▶ **TASK ITEM**: Output every line below as it stands, dropping only the images.

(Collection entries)
==*==

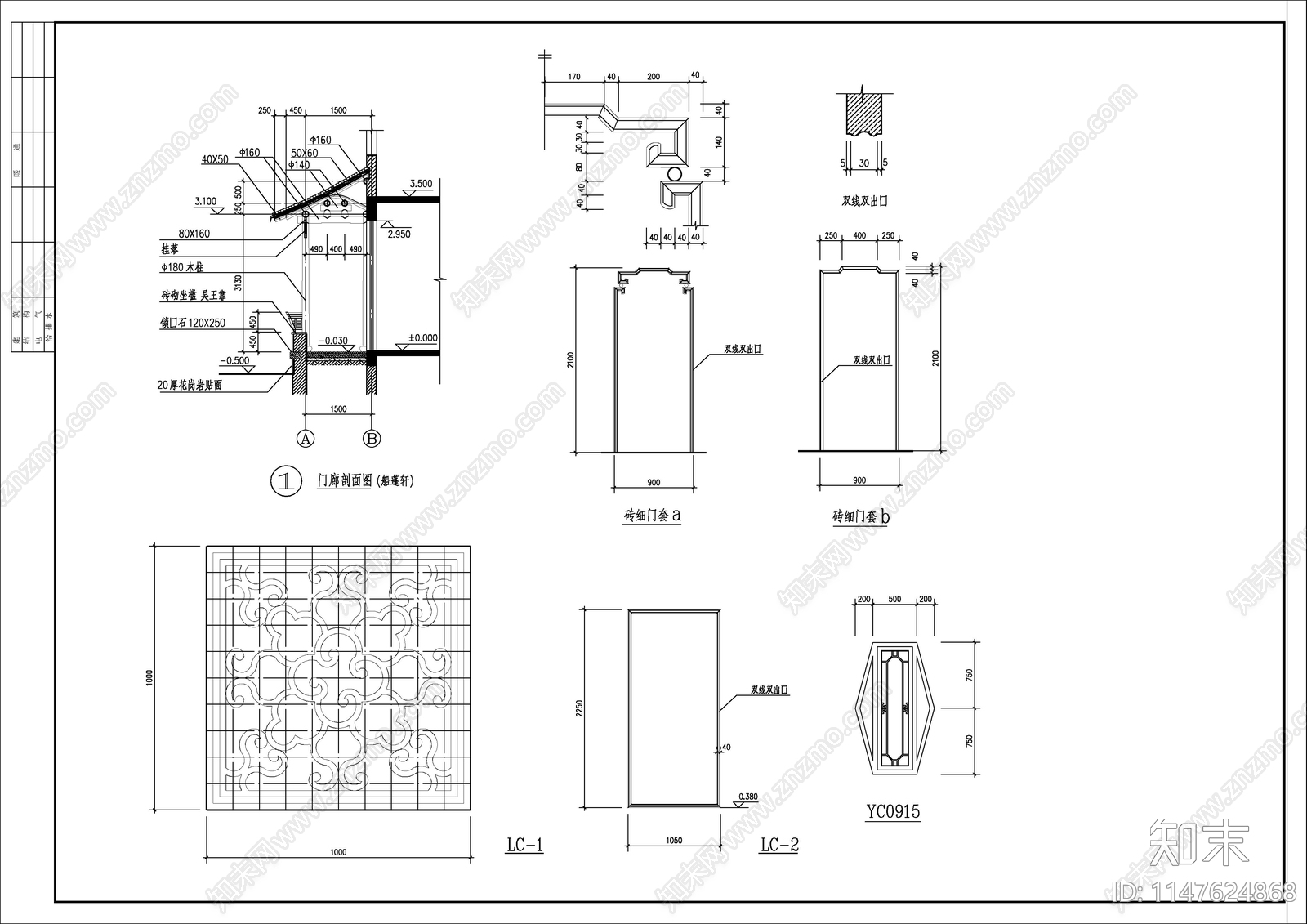 古建别墅建筑cad施工图下载【ID:1147624868】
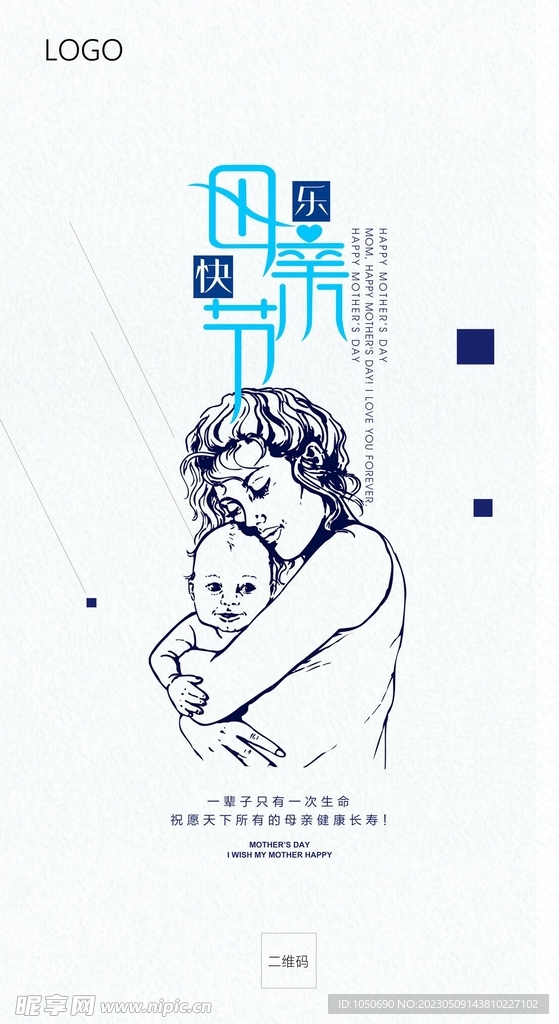 母亲节海报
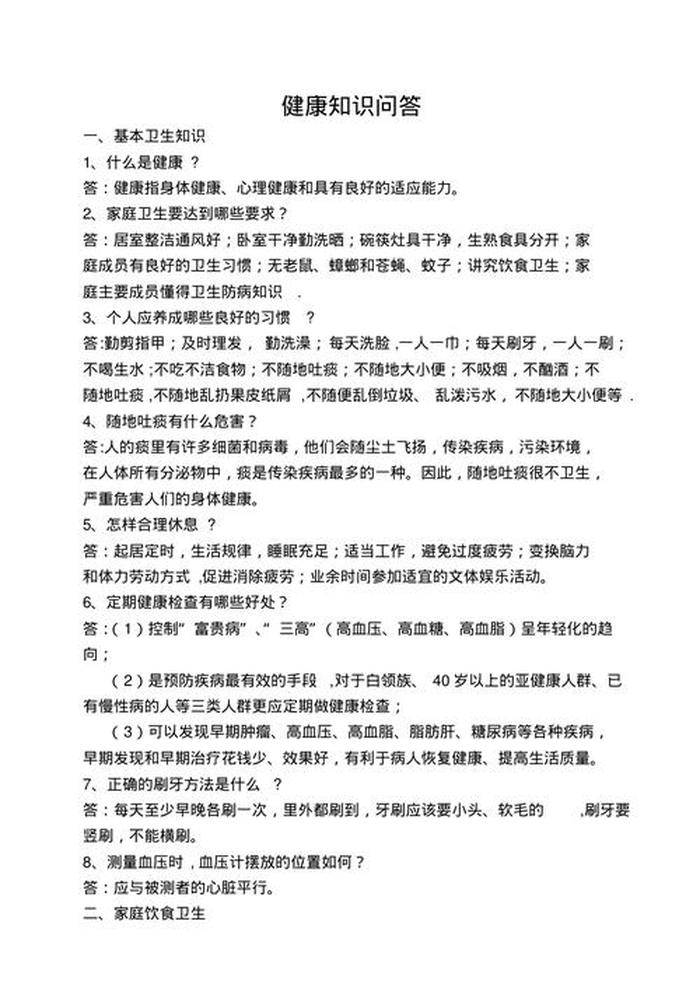 健康知识问答题大全 - 健康知识问答题及答案大全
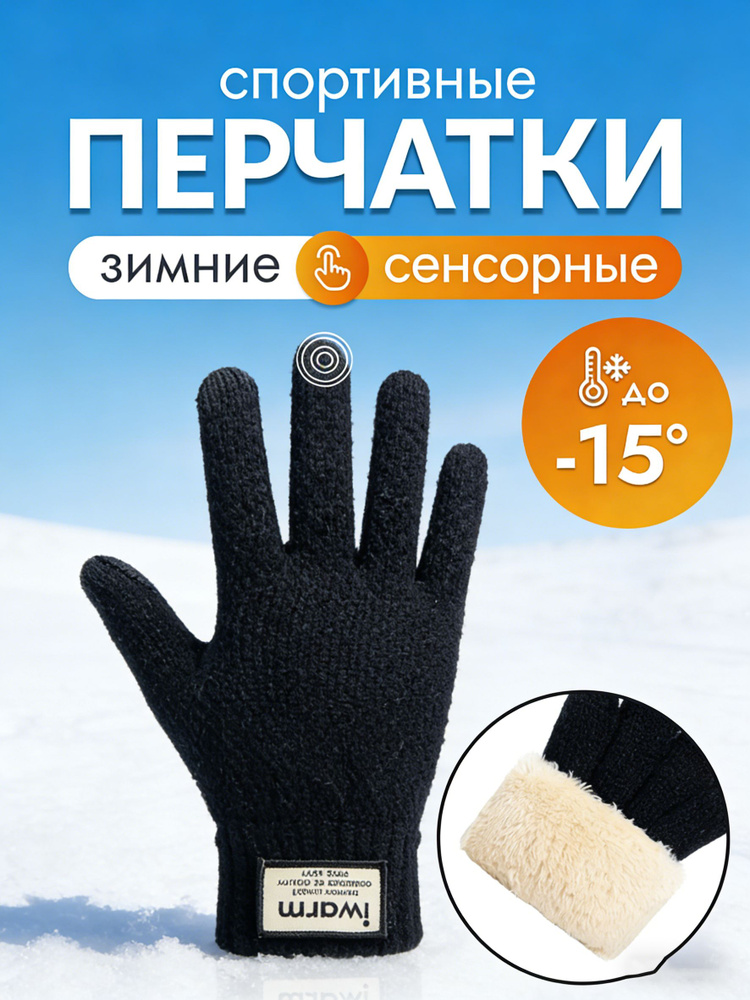 Перчатки термо, 1 пара #1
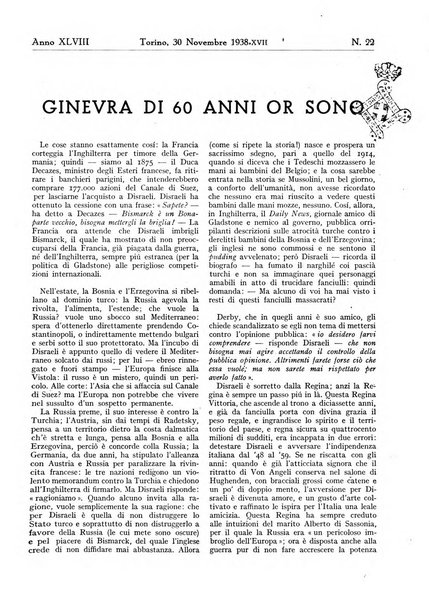 Minerva rassegna internazionale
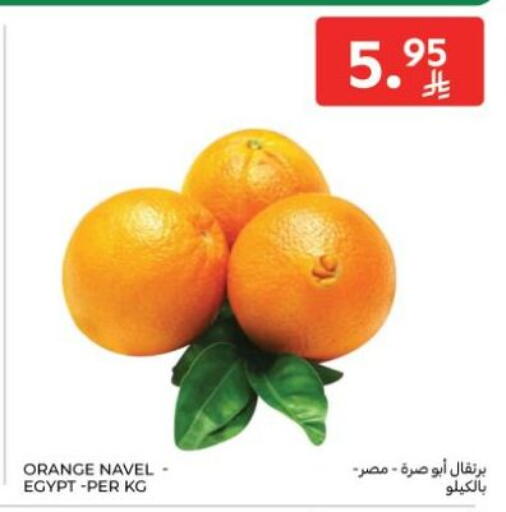 Orange from Egypt available at Carrefour in KSA, Saudi Arabia, Saudi - Medina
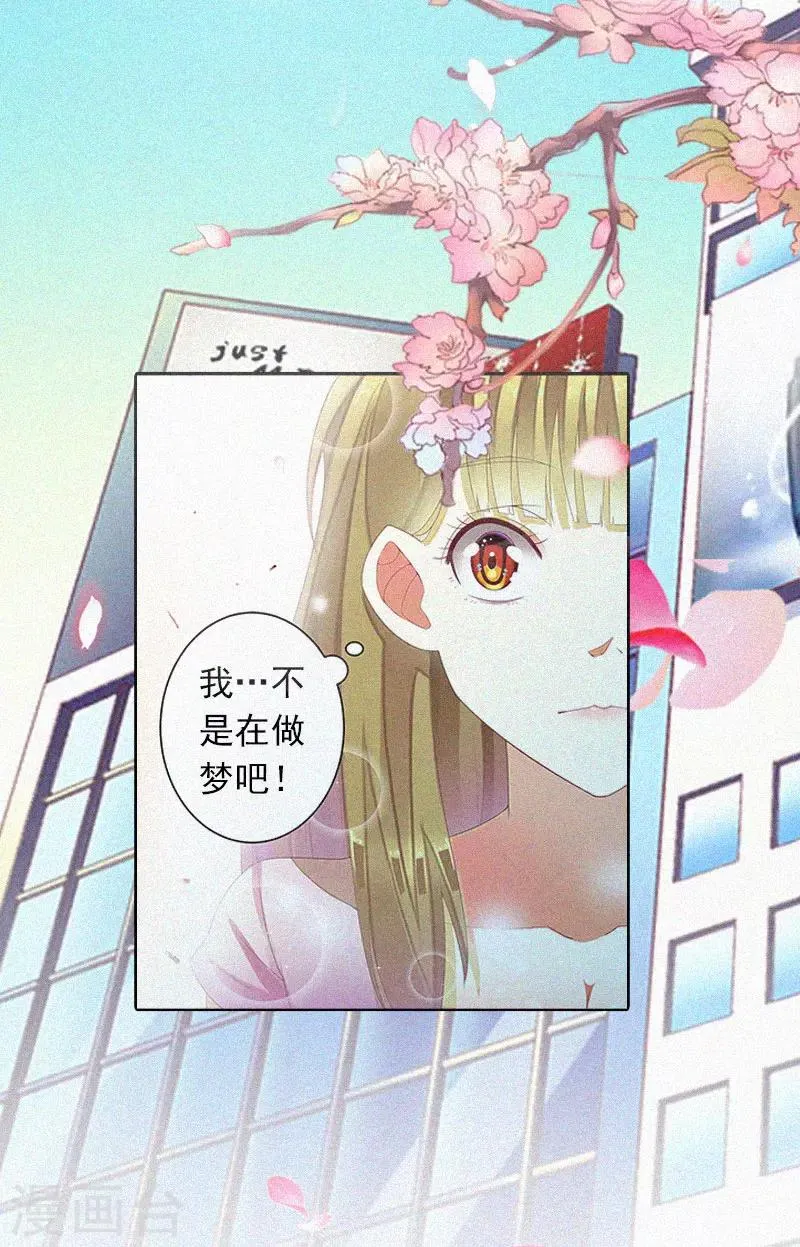 第17话 新的生活？！ 第4页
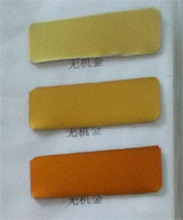 铝阳极氧化无机金黄色染色剂铝材氧化染料金属表面处理着色添加剂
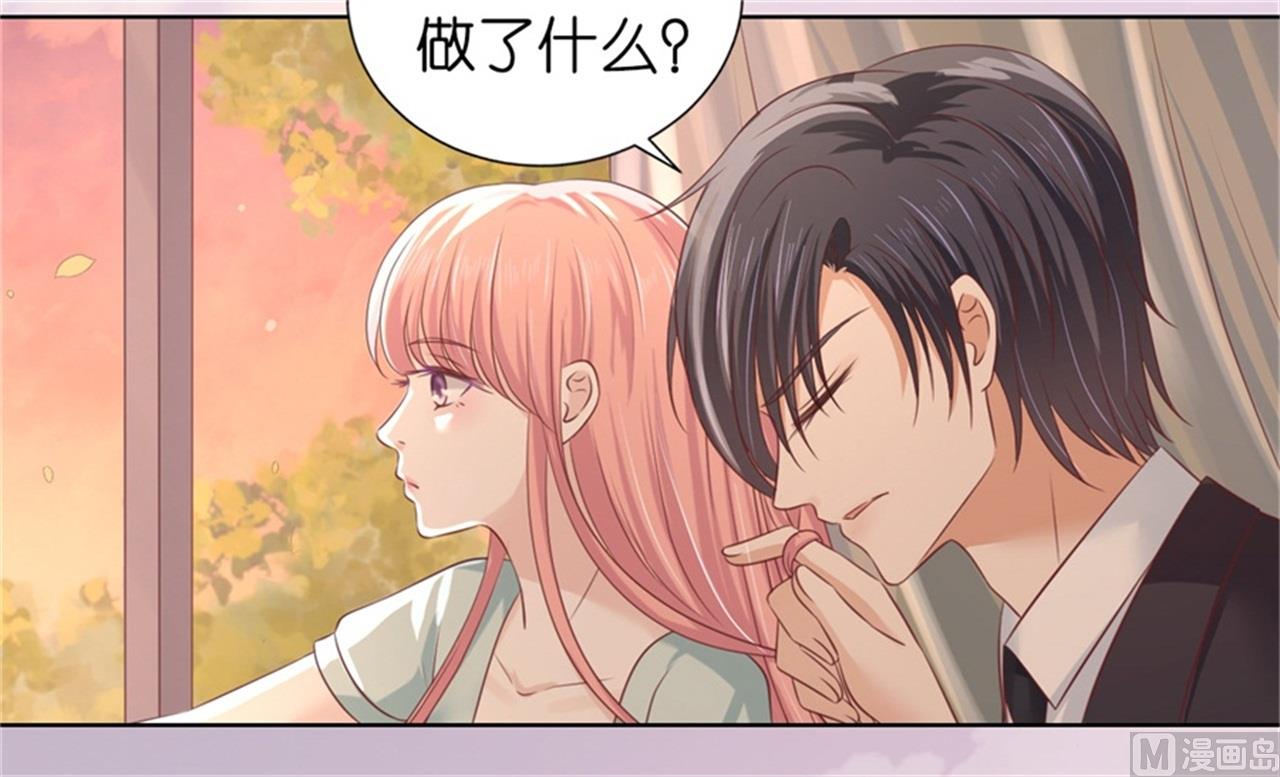 蜜桃恋人之烈爱知夏韩漫全集-第223话 我怀孕了无删减无遮挡章节图片 
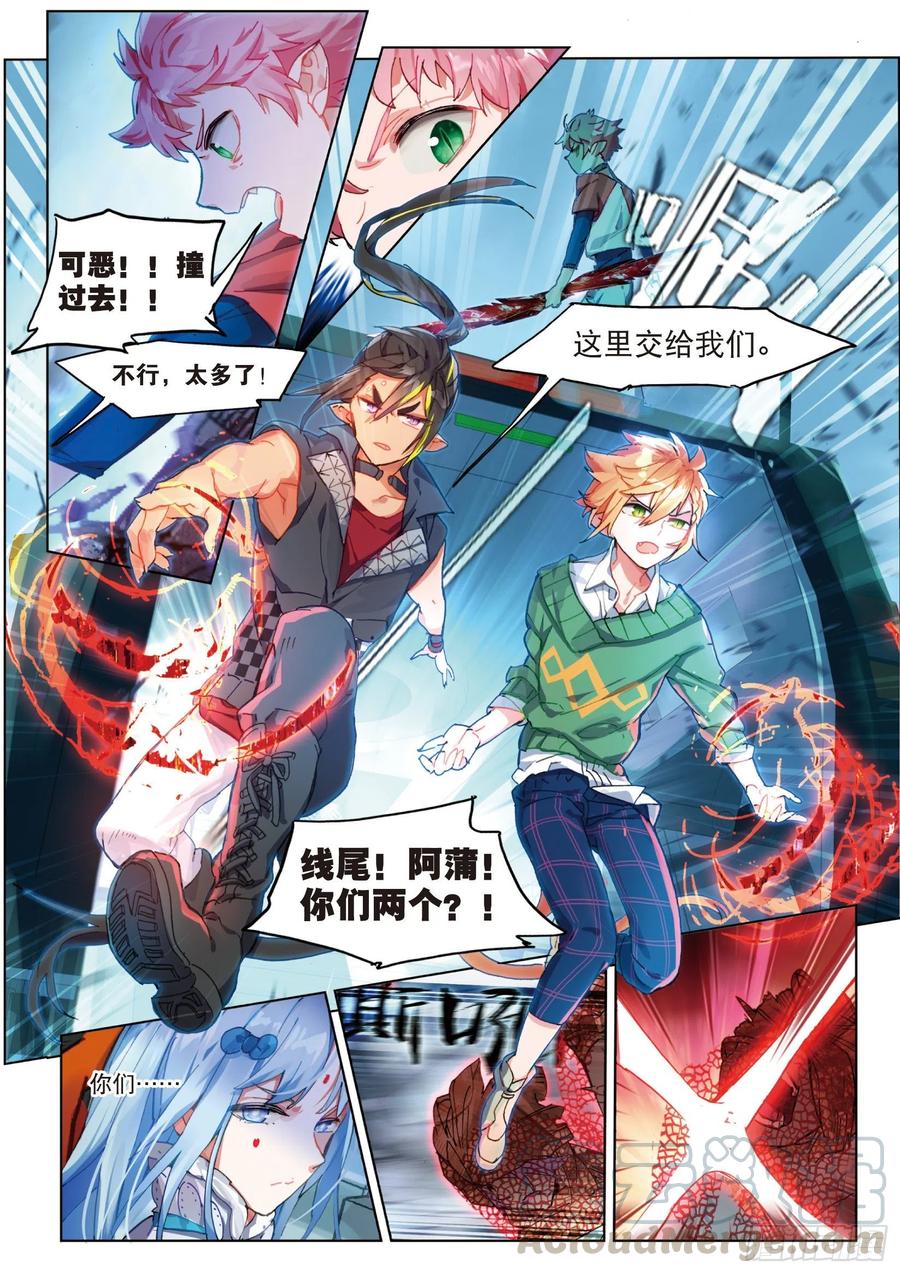 猫箱反转 030 Blame（1） 第7页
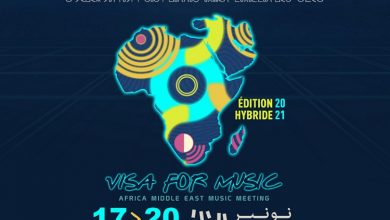 Visa for music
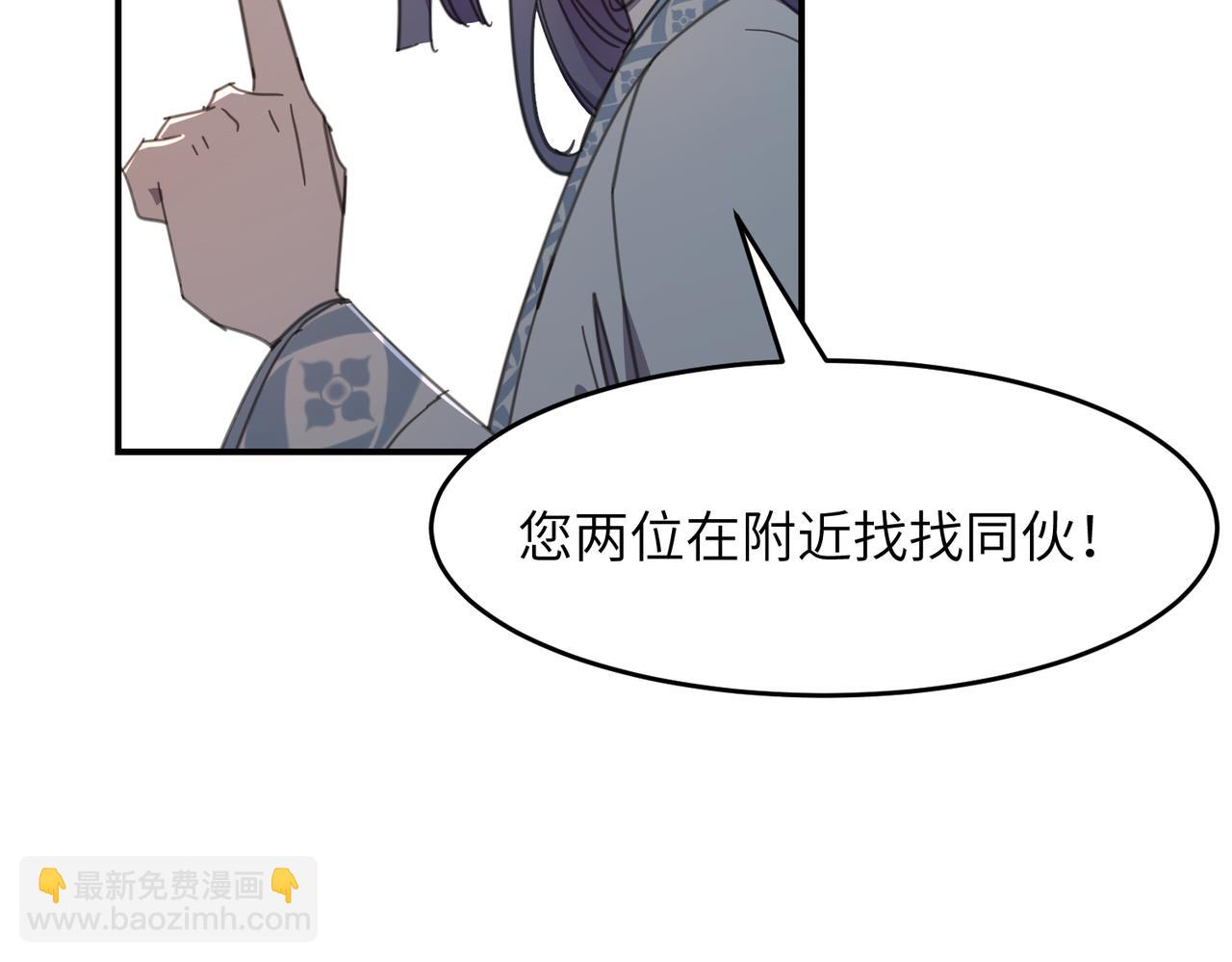 第33话 搜捕(1/3)-第36话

==*==

▶ **SOLVED EXERCISE**:
 古建别墅建筑cad施工图下载【ID:1147624868】
 母亲节海报
 健康知识问答题大全 - 健康知识问答题及答案大全
 Перчатки термо, 1 пара #1
 Minerva rassegna internazionale
 Orange from Egypt available at Carrefour in KSA, Saudi Arabia, Saudi - Medina
 第17话 新的生活？！ 第4页
 铝阳极氧化无机金黄色染色剂铝材氧化染料金属表面处理着色添加剂
 蜜桃恋人之烈爱知夏韩漫全集-第223话 我怀孕了无删减无遮挡章节图片 
 猫箱反转 030 Blame（1） 第7页
 Visa for music
 第33话 搜捕(1/3)-第36话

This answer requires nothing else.